Streptococcus agalactiae or group B streptococcus (GBS) is a frequent pathogen in immunocompromised adults. The aim of this study was to determine the relative frequency, clinical presentation, antimicrobial susceptibility profile, and risk factors associated with GBS bacteremia in non-pregnant adult patients. We conducted a retrospective analysis of blood cultures performed in two hospitals between the years 2009–2013. From 1110 bacteremia episodes, 13 were caused by GBS, all of which were susceptible to ampicillin. GBS bacteremia was more frequent in females and in patients older than 60 years of age. The most frequent comorbidities were chronic kidney disease, cardiac failure and neoplasia. History of appendectomy was detected in 53.8% of the patients, being the most relevant comorbidity for GBS bacteremia in the multivariate analysis (OR 4.13, p=0.012). The main presentations were primary bacteremia and soft tissue infection. GBS bacteremia was infrequent in our institution, and a history of appendectomy might be related to bacteremia occurrence.

Keywords:
Adults
Bacteremia
Streptococcus agalactiae
Resumen

Streptococcus agalactiae o estreptococo del grupo B (SGB), es un patógeno frecuente en adultos inmunocomprometidos. El objetivo de este trabajo fue determinar la frecuencia relativa, formas de presentación, susceptibilidad antimicrobiana y factores de riesgo asociados a la bacteriemia por SGB en pacientes adultos y mujeres no embarazadas. Se realizó un análisis retrospectivo de hemocultivos en 2 hospitales entre 2009-2013. De un total de 1.110 episodios de bacteriemia, 13 fueron causadas por SGB, siendo todos los aislamientos sensibles a ampicilina. Fue más frecuente en mujeres y en pacientes mayores de 60 años. Las comorbilidades más frecuentes fueron enfermedad renal crónica, insuficiencia cardíaca y neoplasias. El 53,8% de los casos tenía antecedente de apendicectomía previa, siendo la comorbilidad más relevante según el análisis multivariado (OR: 4,13; p=0,012). Se presentaron principalmente como bacteriemia primaria e infección de tejidos blandos. La bacteriemia por SBG fue infrecuente en nuestro medio y el antecedente de apendicectomía podría relacionarse al desarrollo de la misma.

Palabras clave:
Adulto
Bacteriemia
Streptococcus agalactiae
Texto completo

Streptococcus agalactiae or group B streptococcus (GBS) was initially reported as a human pathogen in 1938 following three cases of fatal postpartum sepsis. Since then, it has been identified as a causal agent of severe disease in pregnant women, postpartum women, and infants. In the 1990s, the implementation of GBS screening during pregnancy and intrapartum chemoprophylaxis resulted in a significant reduction of neonatal mortality to less than 5%15.

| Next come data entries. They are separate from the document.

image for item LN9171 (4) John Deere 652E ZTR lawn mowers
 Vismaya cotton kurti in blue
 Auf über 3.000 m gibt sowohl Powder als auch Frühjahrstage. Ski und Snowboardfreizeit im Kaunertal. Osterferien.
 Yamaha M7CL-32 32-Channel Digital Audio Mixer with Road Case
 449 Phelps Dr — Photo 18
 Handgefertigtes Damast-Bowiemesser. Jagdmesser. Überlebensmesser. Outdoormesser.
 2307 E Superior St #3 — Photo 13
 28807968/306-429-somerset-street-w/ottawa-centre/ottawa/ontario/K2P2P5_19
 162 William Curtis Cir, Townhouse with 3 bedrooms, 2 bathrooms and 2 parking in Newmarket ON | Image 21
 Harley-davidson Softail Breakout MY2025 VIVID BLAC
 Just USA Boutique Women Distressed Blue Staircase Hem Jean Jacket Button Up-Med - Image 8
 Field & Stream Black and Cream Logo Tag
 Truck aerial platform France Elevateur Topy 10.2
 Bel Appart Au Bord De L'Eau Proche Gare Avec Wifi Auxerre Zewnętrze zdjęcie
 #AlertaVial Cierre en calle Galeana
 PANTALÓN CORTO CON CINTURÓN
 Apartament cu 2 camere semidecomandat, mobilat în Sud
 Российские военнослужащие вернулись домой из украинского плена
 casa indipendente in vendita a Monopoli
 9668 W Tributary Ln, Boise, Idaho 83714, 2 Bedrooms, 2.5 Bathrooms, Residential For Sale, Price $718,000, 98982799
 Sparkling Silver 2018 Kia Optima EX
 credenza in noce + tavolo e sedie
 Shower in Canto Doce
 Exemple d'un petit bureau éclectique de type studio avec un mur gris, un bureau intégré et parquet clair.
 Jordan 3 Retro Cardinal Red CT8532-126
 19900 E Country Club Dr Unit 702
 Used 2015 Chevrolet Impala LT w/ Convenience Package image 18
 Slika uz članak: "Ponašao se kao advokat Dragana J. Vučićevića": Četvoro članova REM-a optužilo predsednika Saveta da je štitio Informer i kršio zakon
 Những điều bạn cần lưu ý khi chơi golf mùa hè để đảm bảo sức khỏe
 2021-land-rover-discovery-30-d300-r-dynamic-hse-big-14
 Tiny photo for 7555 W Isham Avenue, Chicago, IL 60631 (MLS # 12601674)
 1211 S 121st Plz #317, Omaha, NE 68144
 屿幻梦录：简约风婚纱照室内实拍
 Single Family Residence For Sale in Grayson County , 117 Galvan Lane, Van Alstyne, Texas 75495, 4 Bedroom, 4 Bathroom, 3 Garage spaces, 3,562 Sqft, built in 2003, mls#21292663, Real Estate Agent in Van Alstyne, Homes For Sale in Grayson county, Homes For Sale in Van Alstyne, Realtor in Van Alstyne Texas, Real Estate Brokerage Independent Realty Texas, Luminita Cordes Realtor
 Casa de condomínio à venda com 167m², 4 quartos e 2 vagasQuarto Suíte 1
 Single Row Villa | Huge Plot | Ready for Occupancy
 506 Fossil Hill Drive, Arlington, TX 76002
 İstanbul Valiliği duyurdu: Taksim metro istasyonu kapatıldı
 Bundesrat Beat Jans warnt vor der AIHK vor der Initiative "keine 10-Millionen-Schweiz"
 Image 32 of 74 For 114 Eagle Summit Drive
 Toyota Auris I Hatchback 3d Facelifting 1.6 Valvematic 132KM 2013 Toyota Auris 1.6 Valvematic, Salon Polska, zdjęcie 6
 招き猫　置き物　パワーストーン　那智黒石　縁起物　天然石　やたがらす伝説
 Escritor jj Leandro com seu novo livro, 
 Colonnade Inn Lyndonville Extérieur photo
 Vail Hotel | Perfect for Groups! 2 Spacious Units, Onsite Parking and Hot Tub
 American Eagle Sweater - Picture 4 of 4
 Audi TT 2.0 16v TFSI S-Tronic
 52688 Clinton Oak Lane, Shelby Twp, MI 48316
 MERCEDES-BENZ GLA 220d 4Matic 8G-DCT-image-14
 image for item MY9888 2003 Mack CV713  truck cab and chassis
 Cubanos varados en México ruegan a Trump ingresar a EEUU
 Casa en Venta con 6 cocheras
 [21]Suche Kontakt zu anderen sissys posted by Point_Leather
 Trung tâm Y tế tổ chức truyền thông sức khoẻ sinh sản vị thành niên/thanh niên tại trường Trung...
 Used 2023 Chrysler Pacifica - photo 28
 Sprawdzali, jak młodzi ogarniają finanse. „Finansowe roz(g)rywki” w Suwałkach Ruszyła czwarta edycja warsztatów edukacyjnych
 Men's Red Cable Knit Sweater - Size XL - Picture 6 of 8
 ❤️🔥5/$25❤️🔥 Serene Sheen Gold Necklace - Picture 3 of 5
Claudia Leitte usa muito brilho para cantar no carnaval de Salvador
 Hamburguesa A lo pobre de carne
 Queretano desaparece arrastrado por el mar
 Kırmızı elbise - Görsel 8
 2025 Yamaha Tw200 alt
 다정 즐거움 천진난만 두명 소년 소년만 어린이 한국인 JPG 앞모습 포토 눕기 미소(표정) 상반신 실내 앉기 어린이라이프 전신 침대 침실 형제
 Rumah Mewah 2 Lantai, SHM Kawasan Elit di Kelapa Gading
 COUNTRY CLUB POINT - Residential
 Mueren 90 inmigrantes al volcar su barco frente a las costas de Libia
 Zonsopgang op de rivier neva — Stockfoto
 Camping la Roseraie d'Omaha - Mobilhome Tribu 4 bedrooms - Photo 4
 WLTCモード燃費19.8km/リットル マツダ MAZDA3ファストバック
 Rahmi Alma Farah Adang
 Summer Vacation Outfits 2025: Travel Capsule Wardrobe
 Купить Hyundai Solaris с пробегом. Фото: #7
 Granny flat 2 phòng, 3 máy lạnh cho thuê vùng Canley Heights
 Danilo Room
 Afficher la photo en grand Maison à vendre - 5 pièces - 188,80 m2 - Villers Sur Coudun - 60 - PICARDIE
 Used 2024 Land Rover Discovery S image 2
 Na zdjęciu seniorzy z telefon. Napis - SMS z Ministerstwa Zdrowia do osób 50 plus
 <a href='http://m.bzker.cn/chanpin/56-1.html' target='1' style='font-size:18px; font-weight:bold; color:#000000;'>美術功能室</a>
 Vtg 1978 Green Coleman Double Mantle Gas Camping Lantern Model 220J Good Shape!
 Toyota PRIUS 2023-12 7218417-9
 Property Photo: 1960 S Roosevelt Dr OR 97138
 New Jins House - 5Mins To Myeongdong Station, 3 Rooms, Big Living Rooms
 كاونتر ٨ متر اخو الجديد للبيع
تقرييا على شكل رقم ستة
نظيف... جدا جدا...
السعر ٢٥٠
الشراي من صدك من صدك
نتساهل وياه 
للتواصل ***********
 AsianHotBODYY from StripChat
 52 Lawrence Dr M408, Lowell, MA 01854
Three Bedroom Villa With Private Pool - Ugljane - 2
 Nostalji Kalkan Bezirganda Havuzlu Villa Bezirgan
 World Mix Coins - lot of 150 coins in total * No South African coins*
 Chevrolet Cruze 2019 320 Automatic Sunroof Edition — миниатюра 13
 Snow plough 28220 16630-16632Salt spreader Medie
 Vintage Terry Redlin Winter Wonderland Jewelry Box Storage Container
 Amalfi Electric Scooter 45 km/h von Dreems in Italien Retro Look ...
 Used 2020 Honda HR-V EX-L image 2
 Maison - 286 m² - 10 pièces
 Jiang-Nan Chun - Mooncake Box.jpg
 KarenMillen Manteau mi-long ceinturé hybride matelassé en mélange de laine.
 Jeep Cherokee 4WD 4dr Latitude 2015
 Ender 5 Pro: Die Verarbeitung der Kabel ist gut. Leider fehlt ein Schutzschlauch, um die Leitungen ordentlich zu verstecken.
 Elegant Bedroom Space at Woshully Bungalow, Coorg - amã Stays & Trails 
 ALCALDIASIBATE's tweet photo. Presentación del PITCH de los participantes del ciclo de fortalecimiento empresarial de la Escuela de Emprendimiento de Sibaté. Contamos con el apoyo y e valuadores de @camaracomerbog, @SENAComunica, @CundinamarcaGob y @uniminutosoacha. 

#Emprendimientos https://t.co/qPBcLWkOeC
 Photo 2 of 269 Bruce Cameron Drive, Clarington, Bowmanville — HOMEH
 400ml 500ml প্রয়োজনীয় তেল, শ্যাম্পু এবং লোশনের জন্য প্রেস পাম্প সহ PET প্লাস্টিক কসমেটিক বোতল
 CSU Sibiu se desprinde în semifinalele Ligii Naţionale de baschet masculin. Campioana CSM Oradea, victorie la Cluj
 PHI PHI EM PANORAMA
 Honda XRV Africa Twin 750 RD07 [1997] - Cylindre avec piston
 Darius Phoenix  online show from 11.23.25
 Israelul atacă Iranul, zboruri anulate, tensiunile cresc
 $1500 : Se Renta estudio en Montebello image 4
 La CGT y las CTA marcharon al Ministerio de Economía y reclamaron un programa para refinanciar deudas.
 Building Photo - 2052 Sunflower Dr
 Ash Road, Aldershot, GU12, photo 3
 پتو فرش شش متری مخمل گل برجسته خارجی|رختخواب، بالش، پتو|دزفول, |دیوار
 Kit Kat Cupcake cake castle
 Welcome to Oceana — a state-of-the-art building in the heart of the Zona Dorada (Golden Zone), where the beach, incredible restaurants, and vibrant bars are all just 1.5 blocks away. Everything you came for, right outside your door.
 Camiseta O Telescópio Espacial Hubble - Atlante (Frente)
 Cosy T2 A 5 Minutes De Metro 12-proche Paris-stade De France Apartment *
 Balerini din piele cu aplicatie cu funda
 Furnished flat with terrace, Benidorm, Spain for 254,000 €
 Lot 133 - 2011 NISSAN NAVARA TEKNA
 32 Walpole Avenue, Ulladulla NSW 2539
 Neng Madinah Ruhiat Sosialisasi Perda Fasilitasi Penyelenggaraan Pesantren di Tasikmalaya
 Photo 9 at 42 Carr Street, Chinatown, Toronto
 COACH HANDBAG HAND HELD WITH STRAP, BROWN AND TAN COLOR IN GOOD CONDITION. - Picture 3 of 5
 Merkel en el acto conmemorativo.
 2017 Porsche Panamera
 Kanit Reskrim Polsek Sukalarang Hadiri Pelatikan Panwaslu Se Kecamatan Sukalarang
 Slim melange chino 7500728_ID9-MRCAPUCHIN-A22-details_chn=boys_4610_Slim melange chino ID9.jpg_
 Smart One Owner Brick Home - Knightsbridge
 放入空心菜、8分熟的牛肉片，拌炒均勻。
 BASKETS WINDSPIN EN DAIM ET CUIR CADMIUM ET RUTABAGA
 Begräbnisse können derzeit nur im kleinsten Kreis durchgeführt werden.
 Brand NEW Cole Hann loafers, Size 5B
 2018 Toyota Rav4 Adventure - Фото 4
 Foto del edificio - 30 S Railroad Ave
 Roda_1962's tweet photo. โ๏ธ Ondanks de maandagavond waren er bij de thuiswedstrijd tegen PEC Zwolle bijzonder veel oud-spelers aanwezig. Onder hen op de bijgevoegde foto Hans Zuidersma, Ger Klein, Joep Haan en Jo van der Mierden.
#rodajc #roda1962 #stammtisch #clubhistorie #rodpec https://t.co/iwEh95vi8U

An increase in the incidence of GBS invasive infection in adults has been observed, being bacteremia the main clinical presentation. The reasons of this epidemiological shift have not been clearly explained. It has been postulated that advancing age, diabetes mellitus, neoplastic disease, and a history of organ transplantation represent the main risk factors for GBS invasive disease in adult patients. However, there are several cases that have not been identified as associated risk factors3,12.

GBS virulence factors allow the colonization and invasion of the epithelial barriers. The disruption of main reservoir sites (such as the gastrointestinal and the genitourinary tracts) as well as the interaction with the immune system, could contribute to the development of invasive disease associated to GBS.

The aim of this study was to determine the relative frequency and risk factors associated with GBS bacteremia in non-pregnant adult patients. Furthermore, the clinical presentation and the antimicrobial susceptibility profile of GBS were also analyzed.

The study was conducted in two polyvalent and university hospitals from Córdoba, Argentina (Hospital Privado Centro Médico de Córdoba and Hospital Raúl Ferreyra). Both centers share the same Department of Microbiology. This study has been approved by the Health Ethics Committee “Comité Institucional de Ética de Investigación en Salud” of “Hospital Privado Centro Médico de Córdoba”.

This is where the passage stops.